Work required: Every line from the first record below down to the line that includes "This right here" must be reproduced exactly; the pictures are not.

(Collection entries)
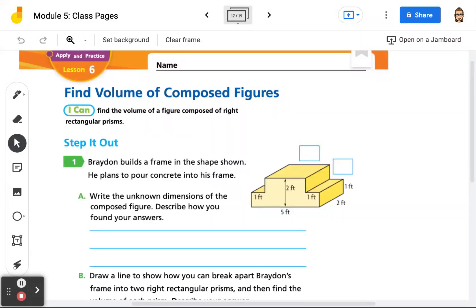Hello, my mathematicians. Today we are looking at Module 5, Lesson 6, which is all about finding the volume of composed figures. Hopefully by the end of this lesson, you'll be able to find the volume of a figure composed of right rectangular prisms.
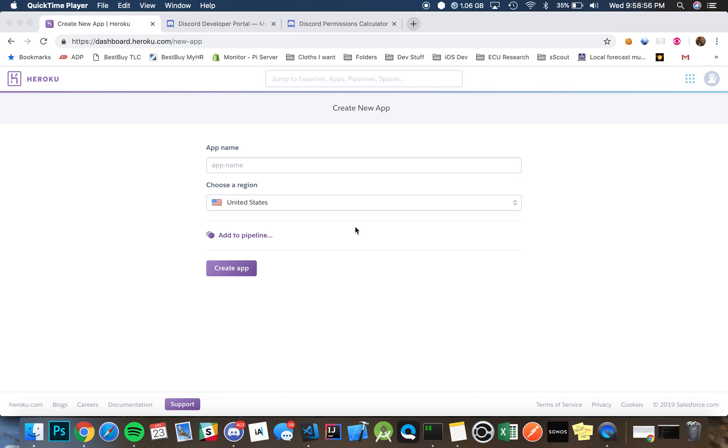Alright, so I'm going to be showing you the fastest way possible to install Kaleidi, which is the Discord authentication bot for recurring payments using PayPal and Stripe.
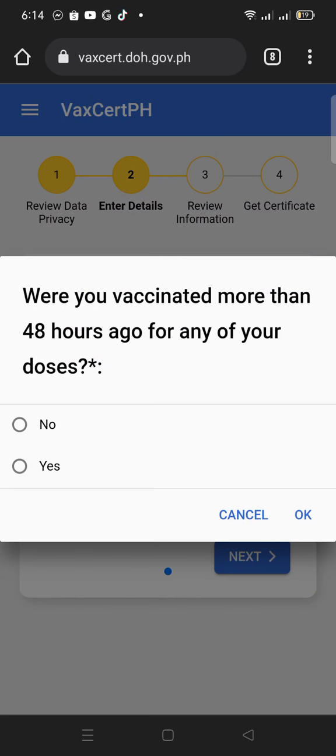Once done, click the green button to verify vaccination information. If you are not done with the booster shot, leave the additional dose vaccination box empty. Review your personal information and click the Continue button to proceed.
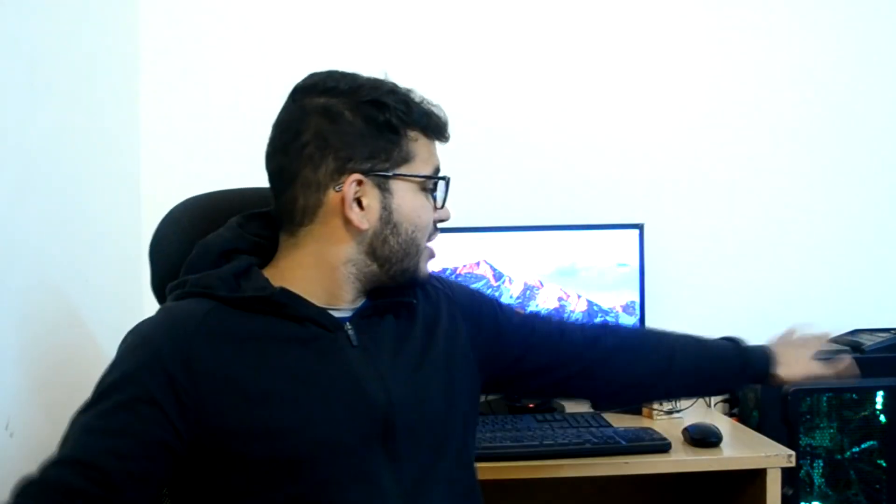This right here is Sierra 10.12.6. If you want to know how you can install the Hackintosh Sierra on your AMD computer, then I have the links in the description for that video.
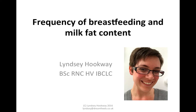Hello, I'm Lindsay Hookway. I'm a paediatric nurse, health visitor, international board certified lactation consultant and gentle sleep coach. And I'm going to talk to you about how you can understand how the frequency of breastfeeding affects the fat content of your milk.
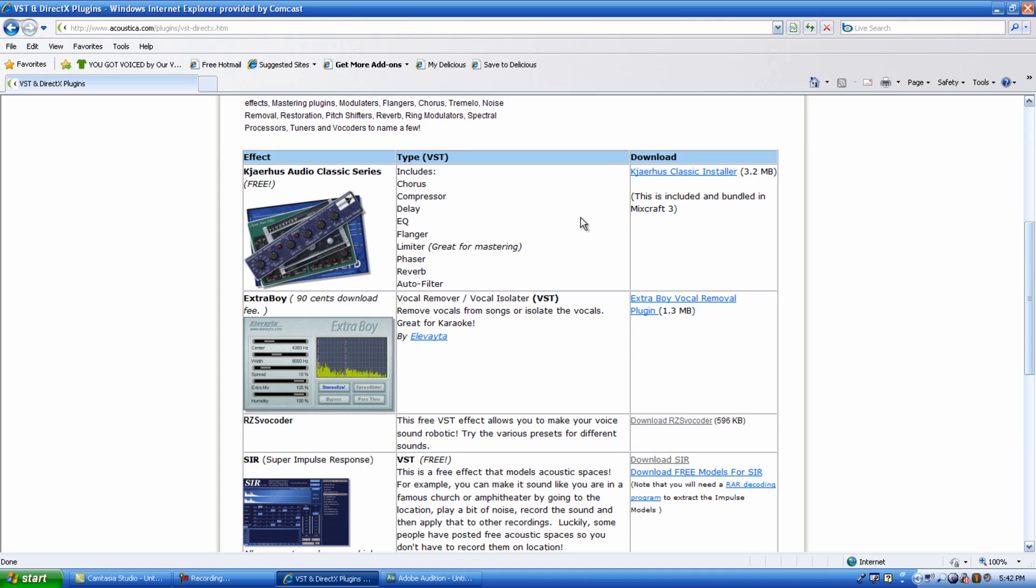Here's one that I have here, the Kajaris Audio Classic Series, and they have some nice plugins in here. Now, the other question I get is, well, why do you go with these free plugins when Adobe Audition has Chorus and Compressor and EQ and Flanger?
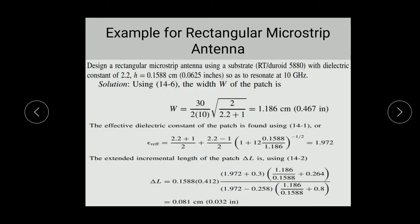Here is a simple example. Design a rectangular microstrip patch antenna using substrate material RT Duroid 5880, with dielectric constant εr = 2.2 and substrate height h = 0.1588 cm, so as to resonate at 10 GHz.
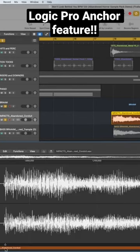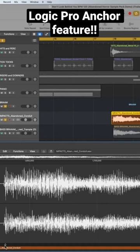A cheat code is to use this anchor knob or this anchor option here. When you drag a file and double click on the track to open up the waveform, go to File and then you can go to anchor down here. You can drag the anchor — I usually drag it to where the impact is, sometimes if it's a riser.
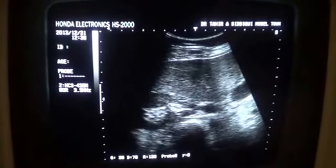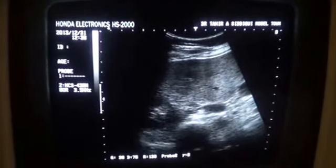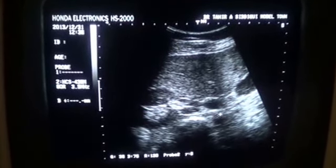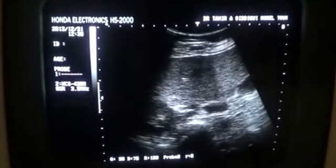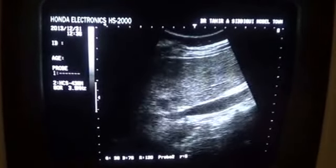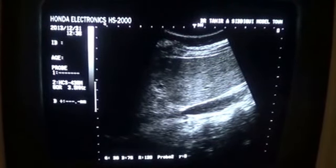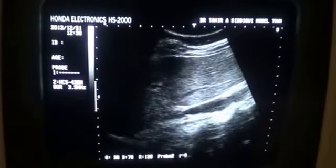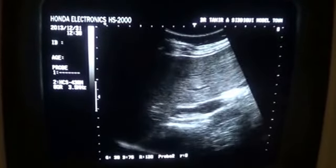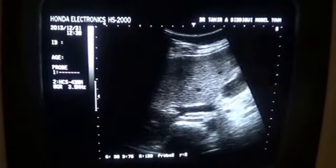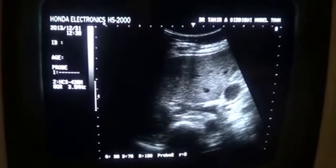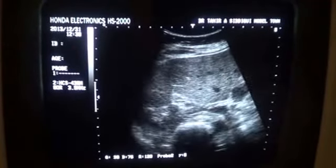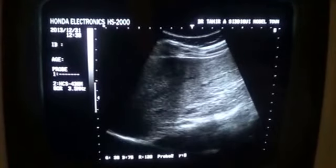Here we have an even clearer view — this is the right renal artery and this is the IVC. I'm going to perform the same maneuver again: this is the IVC, this is the right renal artery. Let's see if it enters the kidney.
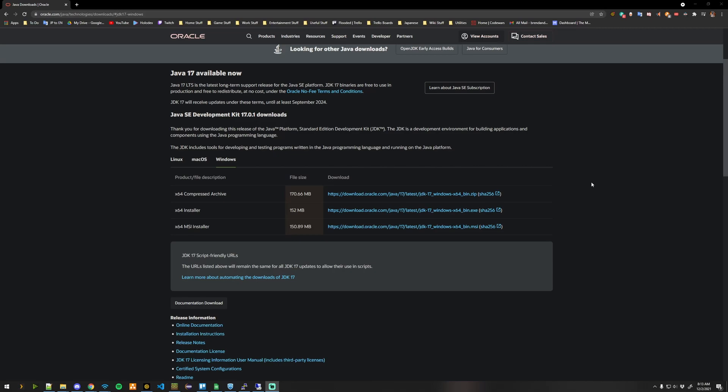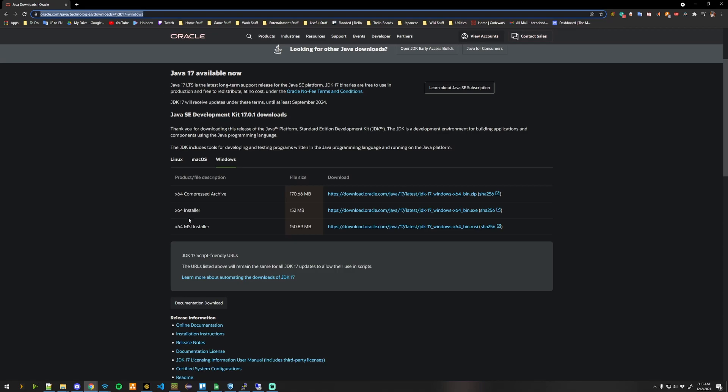In order to prepare your system for Minecraft 1.18, you first need to install Java 16 or higher. Go ahead and follow the link in the description and install Java 17 with the correct installer for your OS.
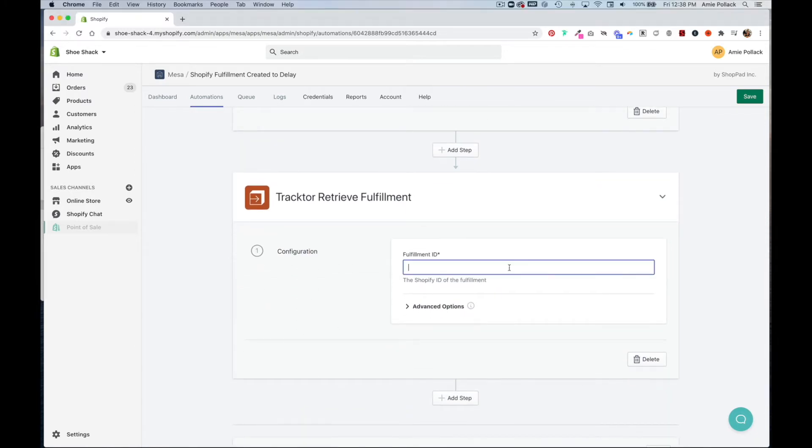And here is where you're going to enter these little curly brackets, delay, period, ID, and then curly brackets again.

Task response:
Hello, my mathematicians. Today we are looking at Module 5, Lesson 6, which is all about finding the volume of composed figures. Hopefully by the end of this lesson, you'll be able to find the volume of a figure composed of right rectangular prisms.
Alright, so I'm going to be showing you the fastest way possible to install Kaleidi, which is the Discord authentication bot for recurring payments using PayPal and Stripe.
Once done, click the green button to verify vaccination information. If you are not done with the booster shot, leave the additional dose vaccination box empty. Review your personal information and click the Continue button to proceed.
This right here is Sierra 10.12.6. If you want to know how you can install the Hackintosh Sierra on your AMD computer, then I have the links in the description for that video.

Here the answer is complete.